The following secret specifies three users and their respective roles:

kind: Secret
apiVersion: v1
metadata:
  name: my-filerealm-secret
stringData:
  users: |-
    rdeniro:$2a$10$BBJ/ILiyJ1eBTYoRKxkqbuDEdYECplvxnqQ47uiowE7yGqvCEgj9W
    alpacino:$2a$10$cNwHnElYiMYZ/T3K4PvzGeJ1KbpXZp2PfoQD.gfaVdImnHOwIuBKS
    jacknich:{PBKDF2}50000$z1CLJt0MEFjkIK5iEfgvfnA6xq7lF25uasspsTKSo5Q=$XxCVLbaKDimOdyWgLCLJiyoiWpA/XDMe/xtVgn1r5Sg=
  users_roles: |-
    admin:rdeniro
    power_user:alpacino,jacknich
    user:jacknich

Using a tool

To avoid editing these files manually, you can use the elasticsearch-users tool:

bin/elasticsearch-users useradd myuser -p mypassword -r monitoring_user

The following is an example of invoking the elasticsearch-users tool in a Docker container:

# create a folder with the 2 files
mkdir filerealm
touch filerealm/users filerealm/users_roles

# create user 'myuser' with role 'monitoring_user'
docker run \
    -v $(pwd)/filerealm:/usr/share/elasticsearch/config \
    docker.elastic.co/elasticsearch/elasticsearch:8.16.1 \
    bin/elasticsearch-users useradd myuser -p mypassword -r monitoring_user

# create a Kubernetes secret with the file realm content
kubectl create secret generic my-file-realm-secret --from-file filerealm

ECK

You can also add file-based authentication users using Kubernetes basic authentication secrets.
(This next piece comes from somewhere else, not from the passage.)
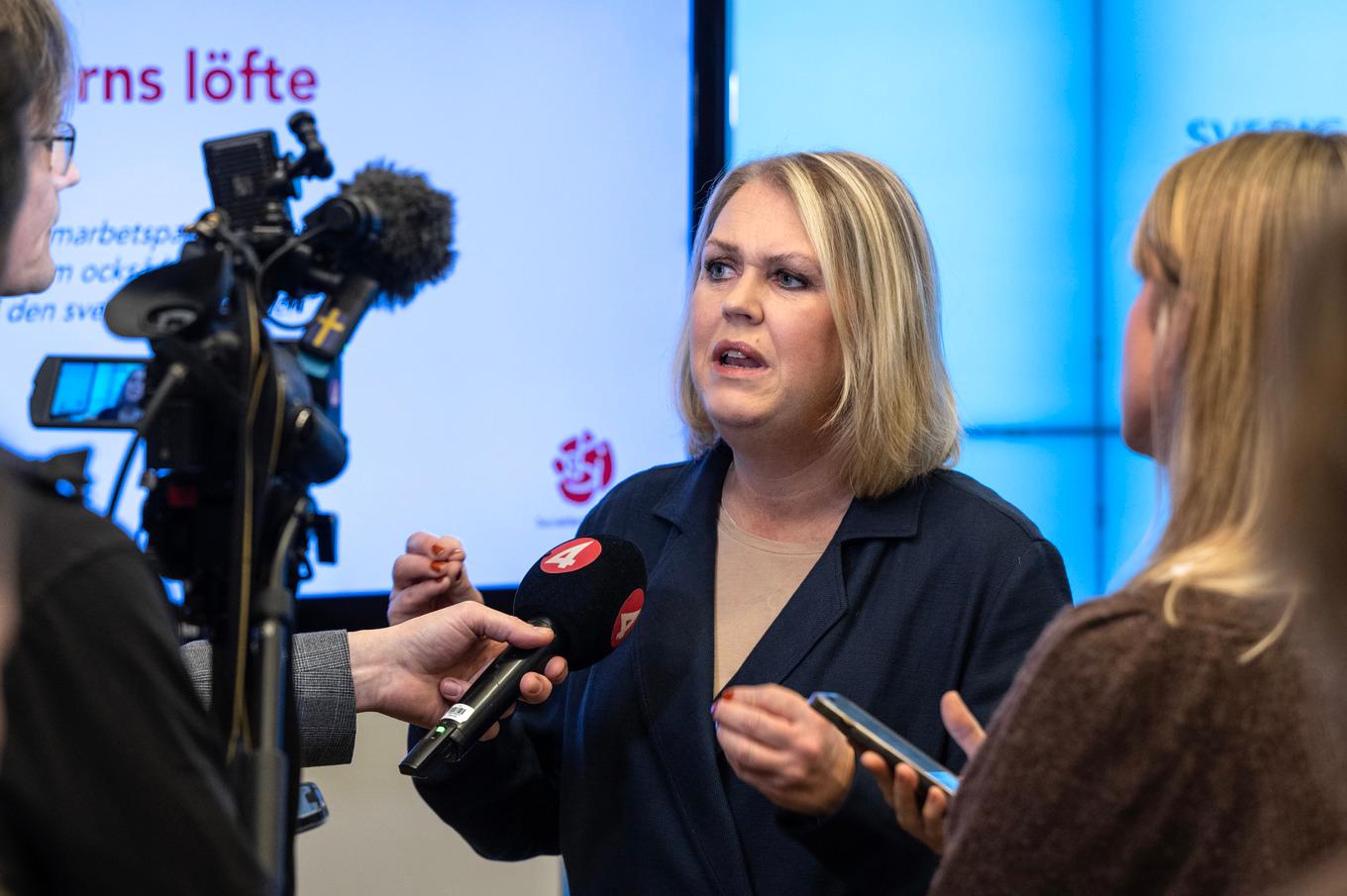 Socialdemokraternas gruppledare Lena Hallengren (S). Foto: Anders Wiklund/TT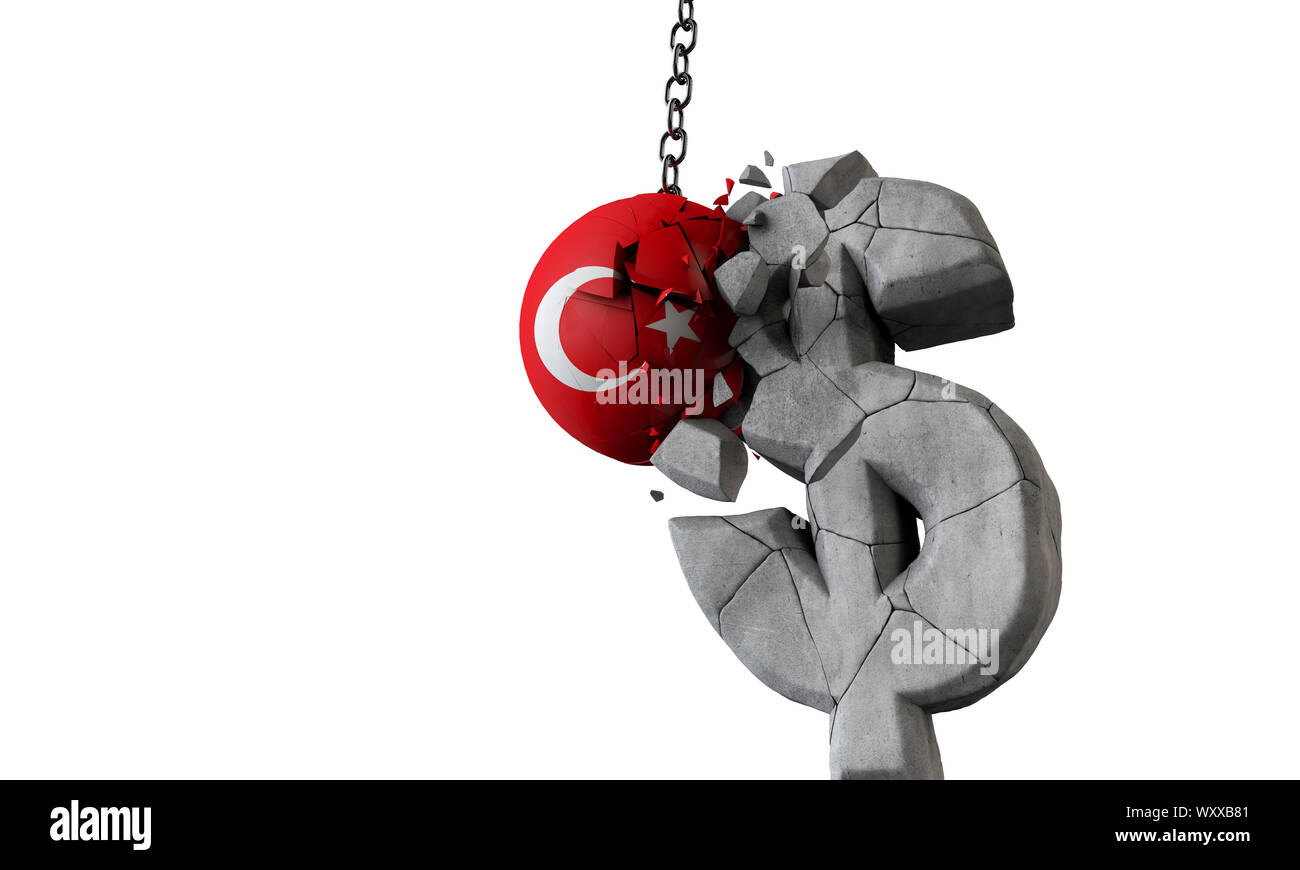 Turkey flag ball smashing a USA dollar currency symbol. 3D Render Stock Photo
A basic authentication secret can optionally contain a roles entry. It must contain a comma separated list of roles to be associated with the user. The following example illustrates this combination:

apiVersion: v1
kind: Secret
metadata:
  name: secret-basic-auth
type: kubernetes.io/basic-auth
stringData:
  username: rdeniro    # required field for kubernetes.io/basic-auth
  password: mypassword # required field for kubernetes.io/basic-auth
  roles: kibana_admin,ingest_admin  # optional, not part of kubernetes.io/basic-auth

You can make this file available to Elastic Cloud on Kubernetes by adding it as a file realm secret:

apiVersion: elasticsearch.k8s.elastic.co/v1
kind: Elasticsearch
metadata:
  name: elasticsearch-sample
spec:
  version: 8.16.1
  auth:
    fileRealm:
    - secretName: secret-basic-auth
  nodeSets:
  - name: default
    count: 1
Note

If you specify the password for the elastic user through a basic authentication secret, then the secret holding the password described in Built-in users in self-managed clusters will not be created by the operator.